As RadicalMath points out, developing good curriculum takes time and a willingness to be self-critical. This reflective process results in rich lessons that expose students to real-world applications of math. By incorporating social justice-based math into curricula, schools can realize Bob Moses’ vision of education as a tool for liberation.
See: www.RadicalMath.org, or email info@radicalmath.org for more information.
Radical Possibilities
A must-read for anyone who cares about education, Radical Possibilities by Jean Anyon outlines the critical connections between public policy and schools. If you had any doubt that the struggle for educational justice begins with the demand for bold social change, or if you just needed the arguments to support your belief, read this book. For a glimpse, check out Jean Anyon's article for the Harvard Educational Review below. Many thanks to Professor Anyon for supporting Teachers Unite and contributing this piece to the newsletter.

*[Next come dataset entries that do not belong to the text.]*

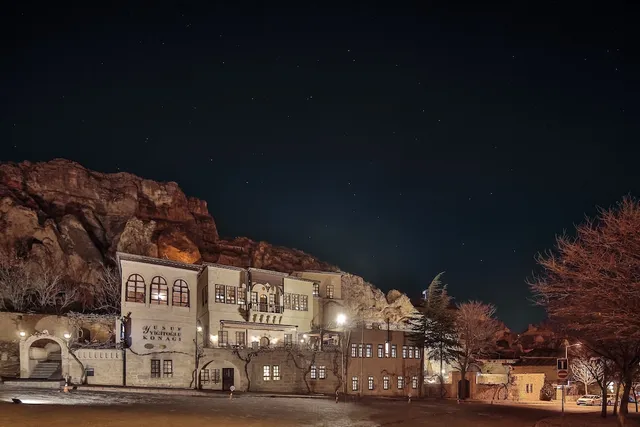 Yusuf Yigitoglu Mansion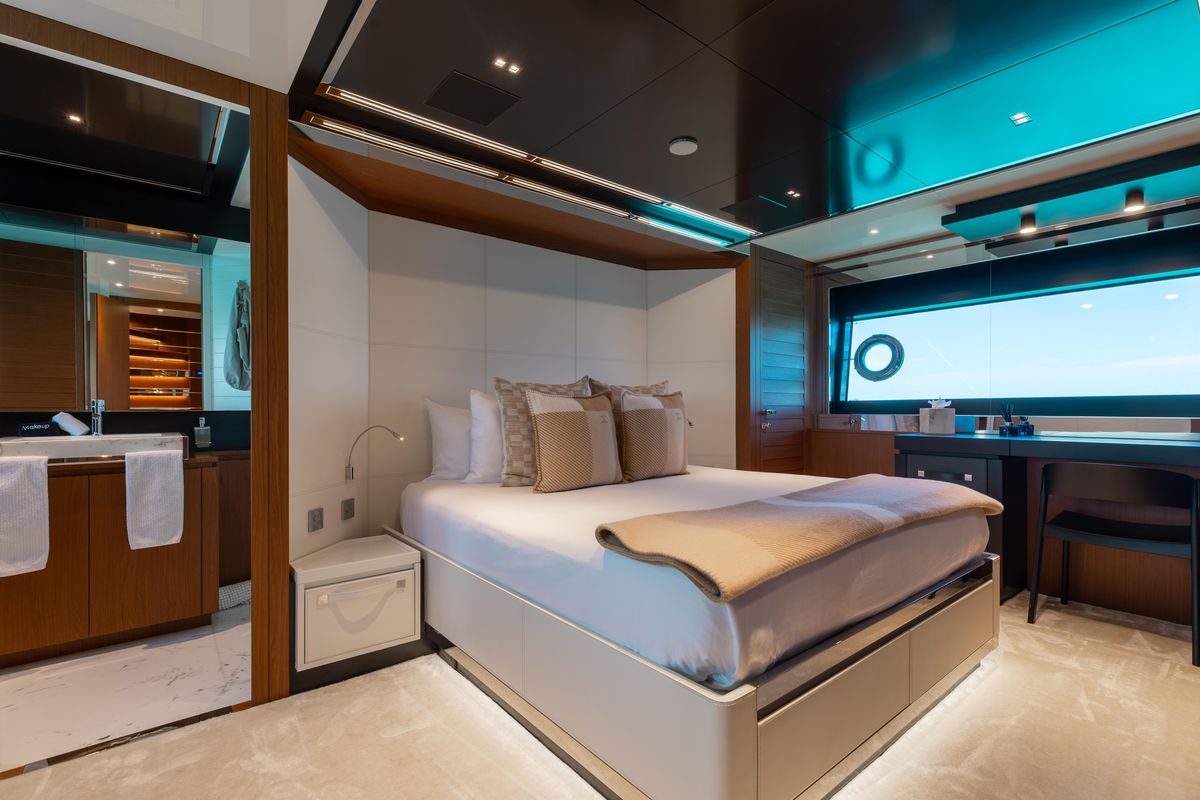 2020 Riva 90 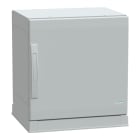 SCHNEIDER ELECTRIC - SNRNSYPLAZ554G 7035 ARM. P.L./ZOC 500X500X420 IP54
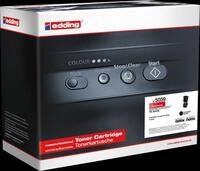 EDDING EDD-5059 - Toner, Kyocera, schwarz, TK-5240, refill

Radical Possibilities: Public policy, urban education, and a new social movement was published by Routledge. Jean Anyon teaches social and educational policy in the Doctoral Program in Urban Educaiton at the Graduate Center of the City University of New York. She is the author of the best-selling and critically-acclaimed "Ghetto Schooling: A Political Economy of Urban School Reform".

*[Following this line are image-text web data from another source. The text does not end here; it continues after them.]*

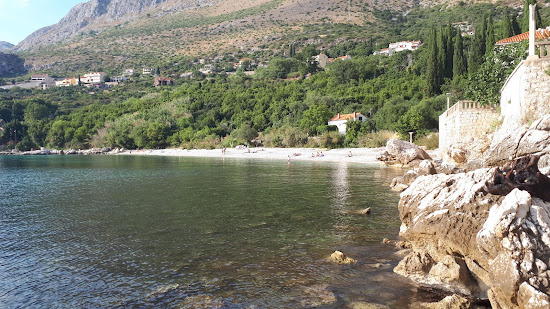 Plat beach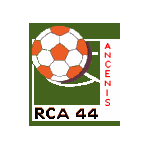 Logo de RC d'Ancenis
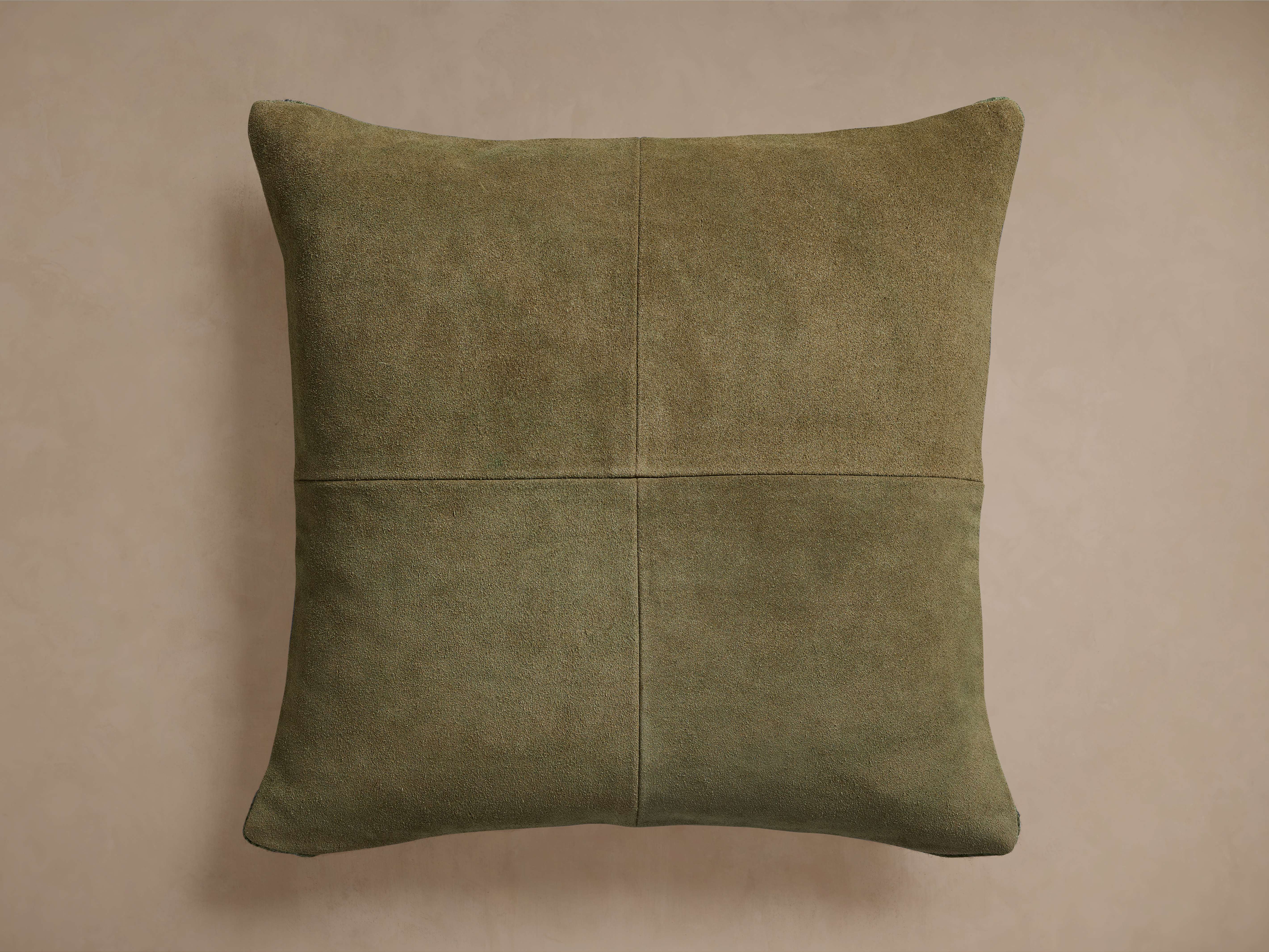 Turner Pillow Cover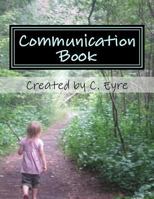 Communication Book 1542422876 Book Cover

A Critique of "Safe schools" Policies
NYCoRE’s Campaign Against the Criminalization of Youth is a group of educators working to build awareness about the dehumanizing discipline policies employed by New York City public schools. They wrote the following in response to the infamous cell phone ban initiated by the Bloomberg/Klein administration:
The New York Public School system, like many other urban school systems across the country, is beset by vast inequalities that are often characterized by race and class. Economically disadvantaged youth of color in these schools are routinely provided with fewer resources, fewer qualified teachers, and fewer levels of support than necessary for creating a safe, nurturing, and empowering educational environment. Instead, more is invested into funding narrow policies and punitive approaches that push youth out of school and into the criminal justice system. In 2004, for example, NYC converted sixteen more public high schools into prison-like institutions, where “Zero Tolerance” policies, metal detectors, and increased police presence serve as supposed solutions to the problem. However, these solutions have only led to the creation of the school to prison pipeline: the process by which children are prepared for prison instead of college. Similarly, this has also led to Joel Klein’s new scanning policy in pubic schools, popularly referred to as the "cell phone ban," as well as other stringent policies that ignore the real problems afflicting our schools and youth. Banning student electronics, iPods, CD players, and cell phones, along with metal detectors and school cops, do not respond to nor remedy the vastly segregated, overcrowded, poorly administered, under resourced, AND unequal city schools. We say enough is enough! How can we as educators offer an alternative to the tools that have converted out schools into virtual prisons? How do we help stop our youth from being criminalized and prepared for incarceration? In what ways can we help address the historical inequities and disparities that feed into the pipeline? Most importantly, how can we support the youth that are striving to bring justice to their schools? We hope that educators can find answers to these questions as well as student-centered solutions that help dismantle the school to prison pipeline.
NYCoRE’s Campaign Against the Criminalization of Youth (CACY) is a project initiated in the spring of 2005. We are committed to building awareness that punitive disciplinary measures such as “Zero Tolerance” and increased police presence in schools criminalize youth and are not an answer to crime and other social problems.